# front wheel disc brake drag...



## mmik (Oct 17, 2009)

I just noticed some drag on my front disc after my last ride, and I can't really seem to just wiggle it out. What am I supposed to do to fix this?


----------



## AndrwSwitch (Nov 8, 2007)

All the time, or just at certain spots in the revolution?

If it's once or twice a revolution, your rotor is warped. You can freak out about it or just go ride.

If it's all the time, either your brake pads aren't retracting all the way, there's dirt in the caliper, the caliper is misaligned, or the wheel's not seated in the dropouts properly.

What kind of brake?


----------



## mmik (Oct 17, 2009)

It's all the time, and I'm not sure what info you're asking for. It's a hydraulic disc break, what else do you need to know?


----------



## highdelll (Oct 3, 2008)

you should fix the title! 
I clicked here just to give you sh!t!


----------



## highdelll (Oct 3, 2008)

mmik said:


> It's all the time, and I'm not sure what info you're asking for. It's a hydraulic disc break, what else do you need to know?


haha! got ya!


----------



## mmik (Oct 17, 2009)

oh yea I can edit titles, can't I? XD

er... maybe not? I hate the site layout here. D:


----------



## bRyAZSig228 (Jan 25, 2010)

either your caliper is not lined up or the disc is warped.


----------



## highdelll (Oct 3, 2008)

mmik said:


> oh yea I can edit titles, can't I? XD
> 
> er... maybe not? I hate the site layout here. D:


you can... hit 'go advanced' in the edit mode


----------



## mmik (Oct 17, 2009)

What's the caliper and how do I line it up? I'm pretty certain my disk is fine. And I think a warped disk would cause the same kind of drag an untrue tire would.


----------



## highdelll (Oct 3, 2008)

mmik said:


> What's the caliper and how do I line it up? I'm pretty certain my disk is fine. And I think a warped disk would cause the same kind of drag an untrue tire would.


DAMN!
you're right, warped tires are likely the cause.
First deflate them...
*Note a Presta deflator wont work on a Schrader and vice-versa.
Then fill with .005 ORGANIC sand.
The centripetal weight will force all the beads into their correct position. If they're fancy ceramic beads, that's another issue. Regular wood and glass ones etc will be fine.
Then fill with NO2 as usual.


----------



## AndrwSwitch (Nov 8, 2007)

mmik said:


> It's all the time, and I'm not sure what info you're asking for. It's a hydraulic disc break, what else do you need to know?

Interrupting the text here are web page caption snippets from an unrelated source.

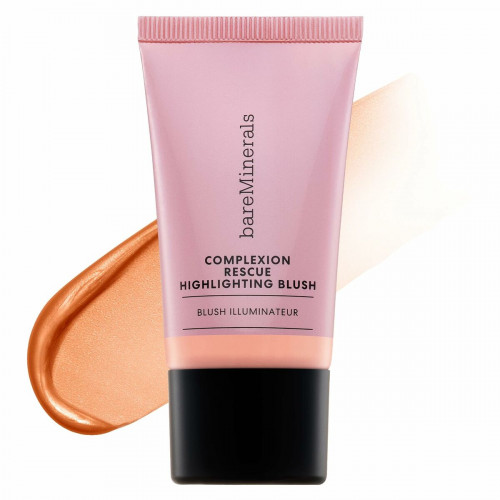 Farba na líca bareMinerals COMPLEXION RESCUE Peach Glow 15 ml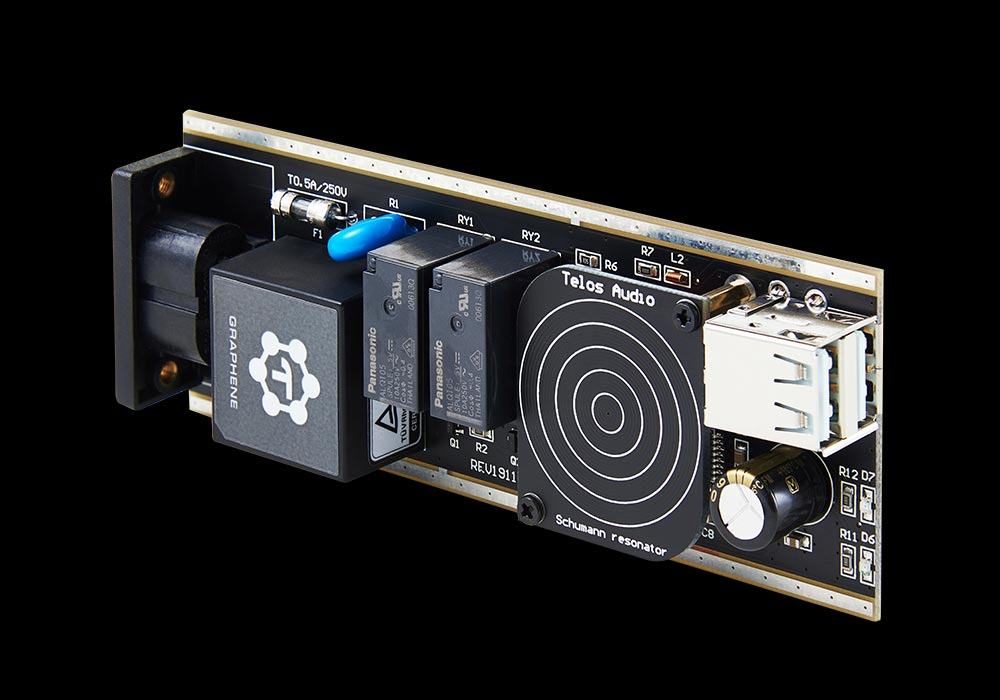 Telos Macro Grounding Noise Reducer USB, RJ45 & HDMI Interface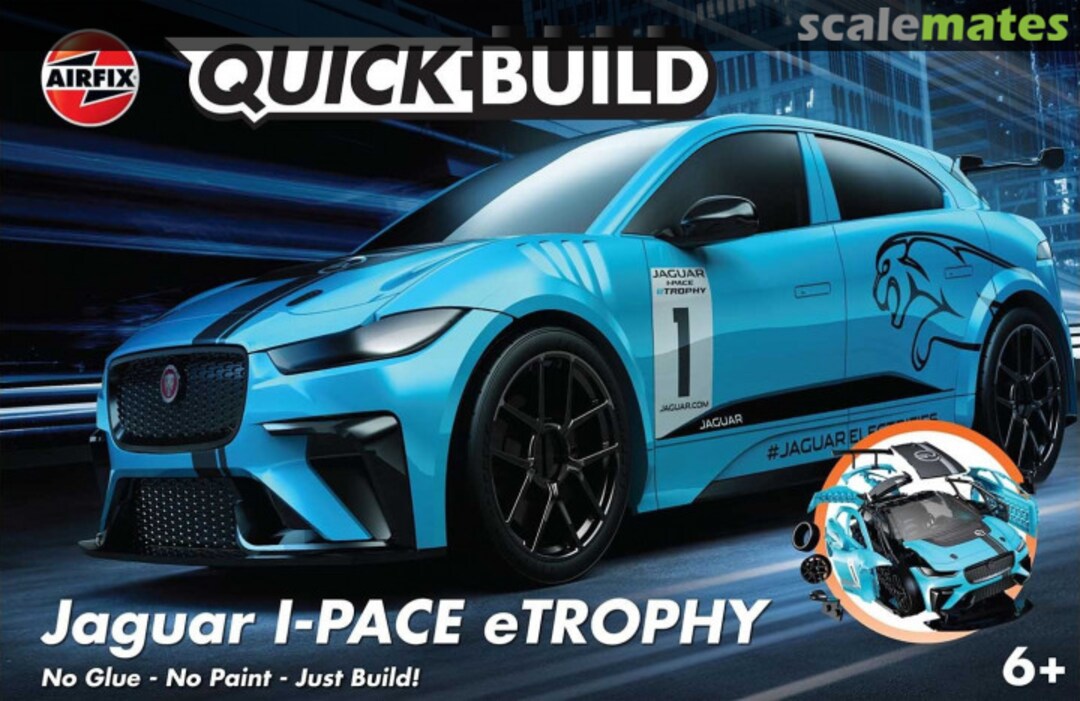Boxart Jaguar I-Pace eTrophy J6033 Airfix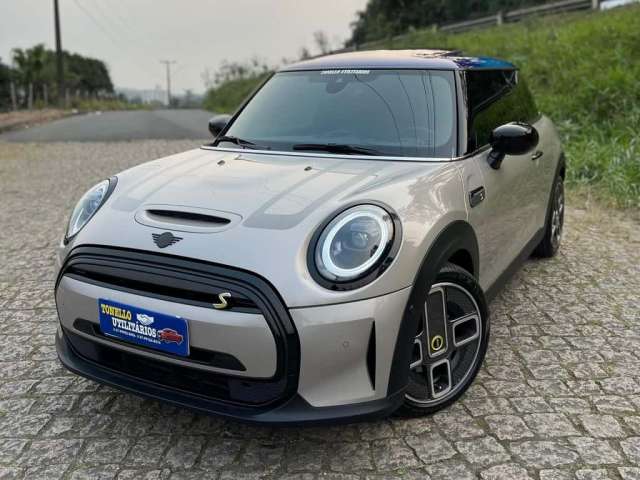 Mini Cooper SE Top Collection 3p (Elétrico)  - Cinza - 2021/2022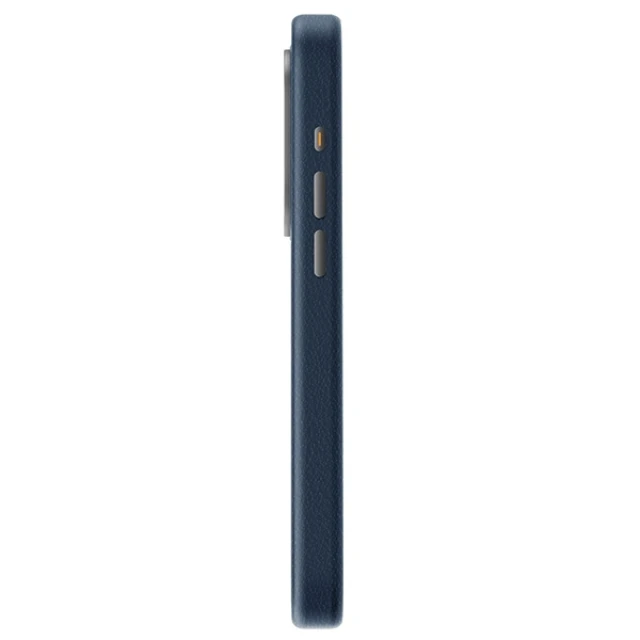 Чохол Uniq Lyden для iPhone 15 Pro Max Navy Blue with MagSafe (UNIQ-IP6.7P(2023)-LYDMBLU)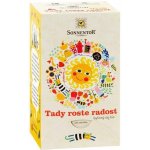 Sonnentor Tady roste radost porcovaný Bio 18 x 1,5 g – Sleviste.cz
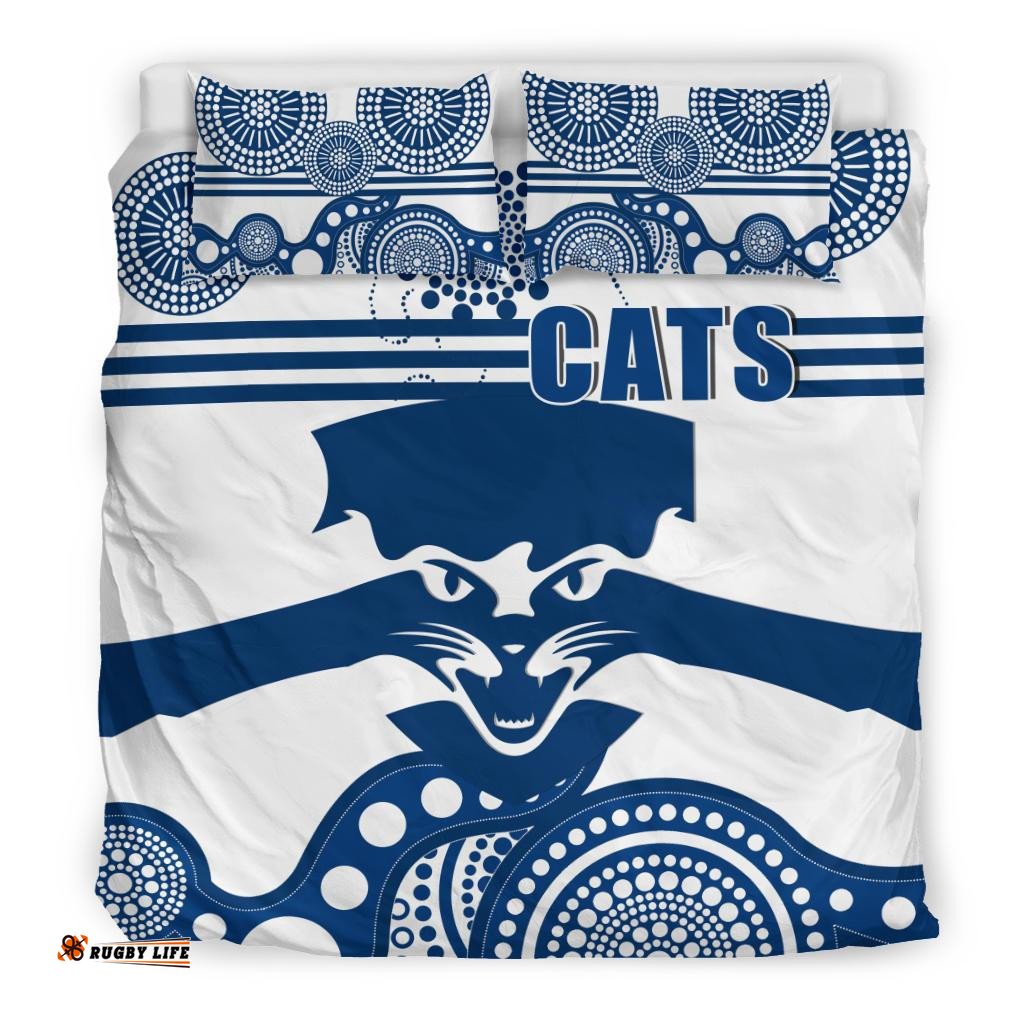 Cats Bedding Set Geelong Indigenous
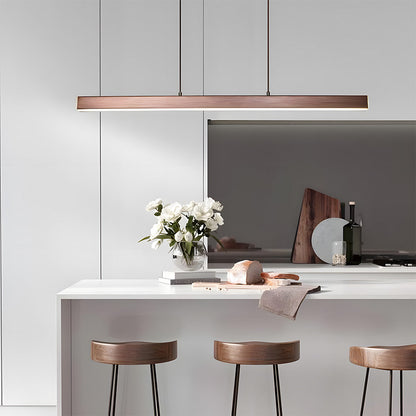 Halla - Minimalistische Langwerpige LED Hanglamp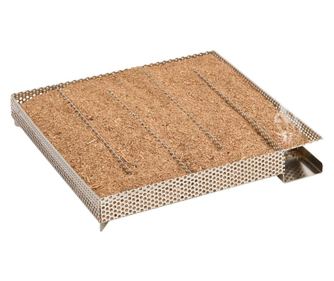 vidaXL Generator de fum rece, 5 camere, 27 cm, oțel inoxidabil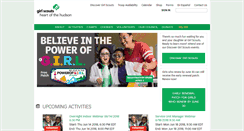 Desktop Screenshot of girlscoutshh.org
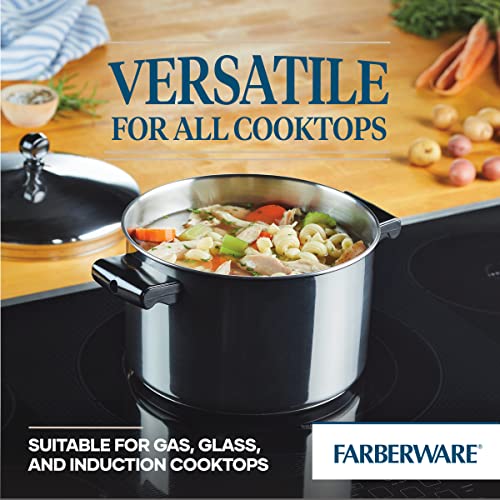 Classic Series Stainless Steel Sauce Pot with Lid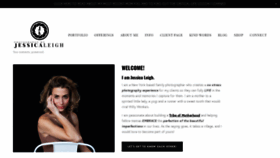 What Jessicaleighphotos.com website looked like in 2020 (3 years ago)
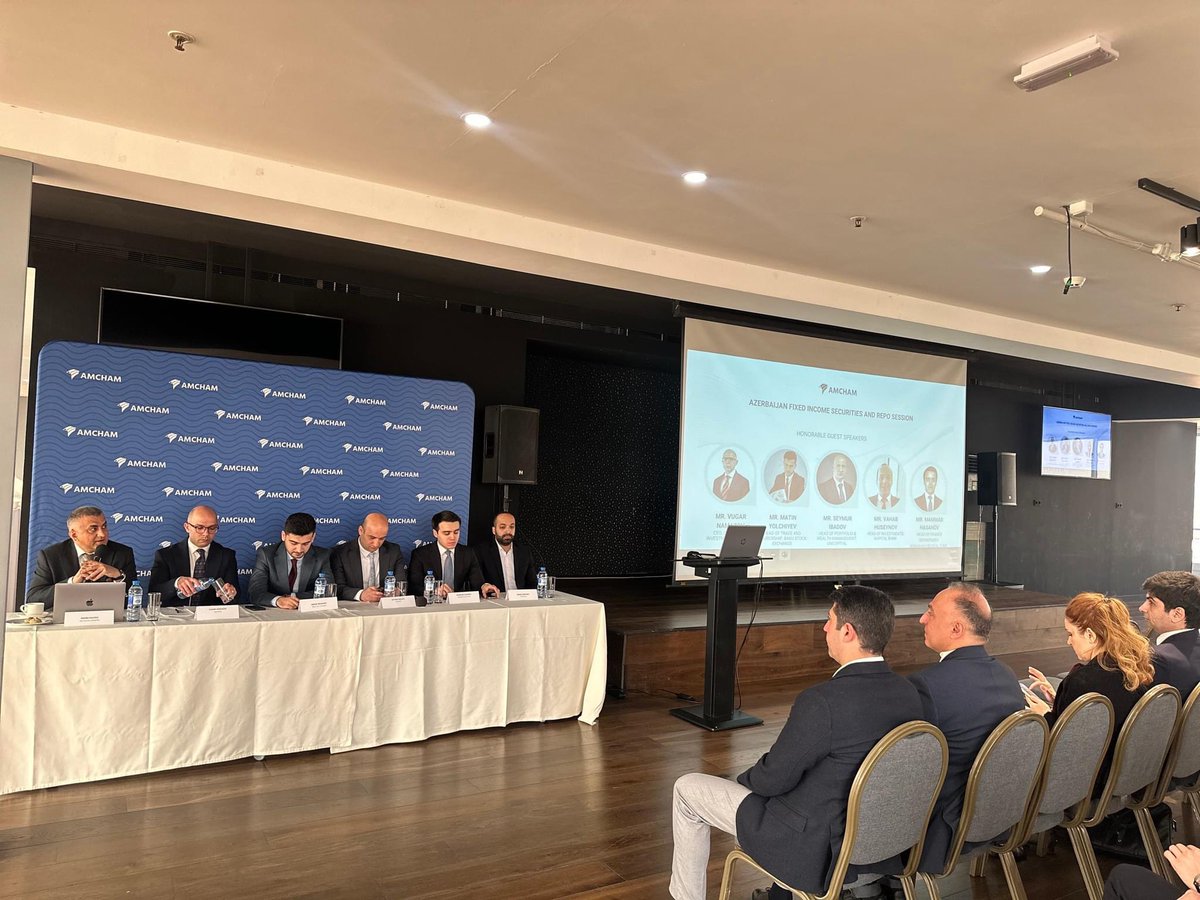 AmCham Azerbaijan tweet media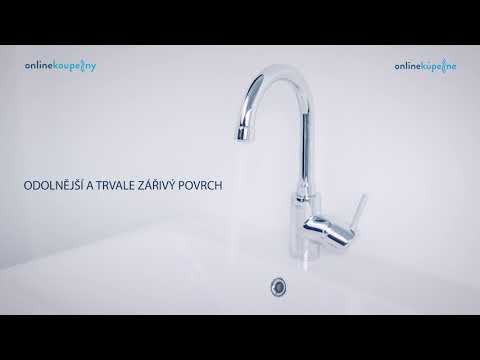 Grohe Concetto - Páková umyvadlová baterie, chrom 32629001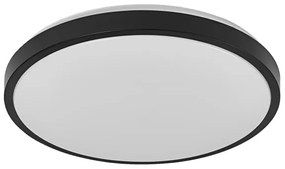 Osram - Plafoniera LED ORBIS LONDON LED/36W/230V Ø 48 cm nera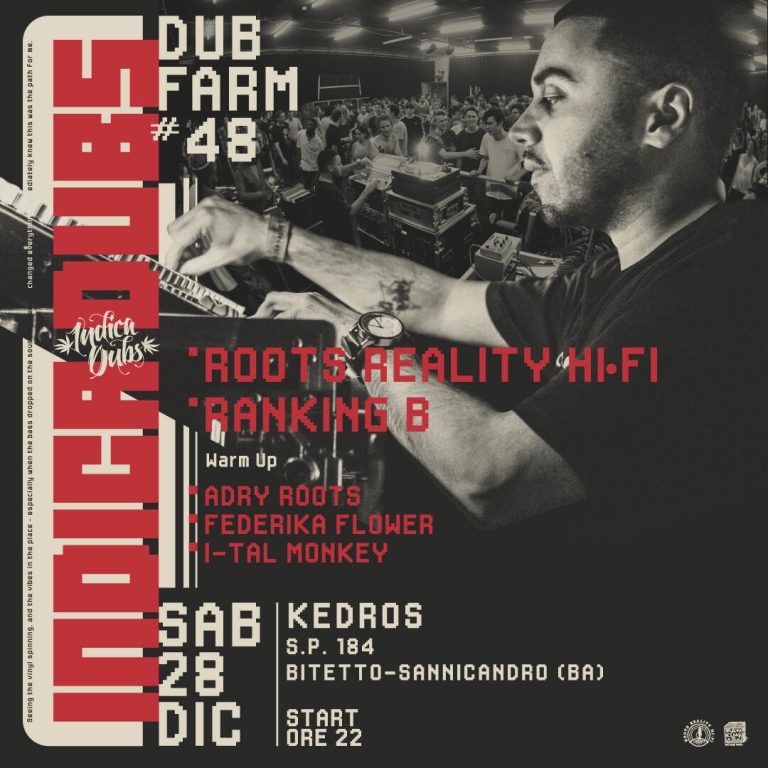 DUB FARM #48 -INDICA DUBS on ROOTS REALITY SOUND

A hydraulic disc caliper and mechanical caliper (it's the thing that clamps around your rotor) could both drag due to bad alignment. But the pistons in hydraulic ones sometimes get stuck, and I've never heard of that happening on a mechanical. On the other hand, you can't screw up the inboard pad adjustment on a hydro.

Of course, filling your tires with SiO2 sand will pretty much solve everything.

Seriously, though, if you weren't having this problem before your ride, the person who installed your caliper knew what they were doing, and you didn't whack the caliper, it's unlikely to be a caliper alignment problem. I vote for debris in the caliper or the wheel's not aligned properly in the dropout.

EDIT: stuck piston's also a possibility.


----------



## bRyAZSig228 (Jan 25, 2010)

highdelll said:


> DAMN!
> you're right, warped tires are likely the cause.
> First deflate them...
> *Note a Presta deflator wont work on a Schrader and vice-versa.
> ...


you forgot to cook the tire in the oven too.:madman:


----------



## highdelll (Oct 3, 2008)

bRyAZSig228 said:


> you forgot to cook the tire in the oven too.:madman:


I thought that went w/out saying, but yeah...
Sometimes you have to spell out EVERY step.
Like, should have I mentioned to remove the TurboSpoke?


----------



## AZ (Apr 14, 2009)

My *Turbo Spoke* has no effect on the brake calipers what so ever .


----------



## Glide the Clyde (Nov 12, 2009)

*mmmkay*

YouTube is your friend (search "bike disc brake maintenance")...or your LBS and about $20 for a caliper adjust and look over a shoulder to learn.


----------



## highdelll (Oct 3, 2008)

AZ.MTNS said:


> My *Turbo Spoke* has no effect on the brake calipers what so ever .


Mine is the same way but,
Some peoples' bikes do though - NOOB!!:madman:


----------



## brad72 (Jun 12, 2009)

What about the kenimatic dynamic discombobulator in the front hub? Surely this has some effect on the dynamic brake force response of the pads and pistons


----------



## pewpewpew (Oct 25, 2009)

I've noticed on my bike that if my wheel is sitting in the dropouts jsut right, there will be some rubbing of the rotor on the caliper. I just have to reseat the wheel and it goes away.


----------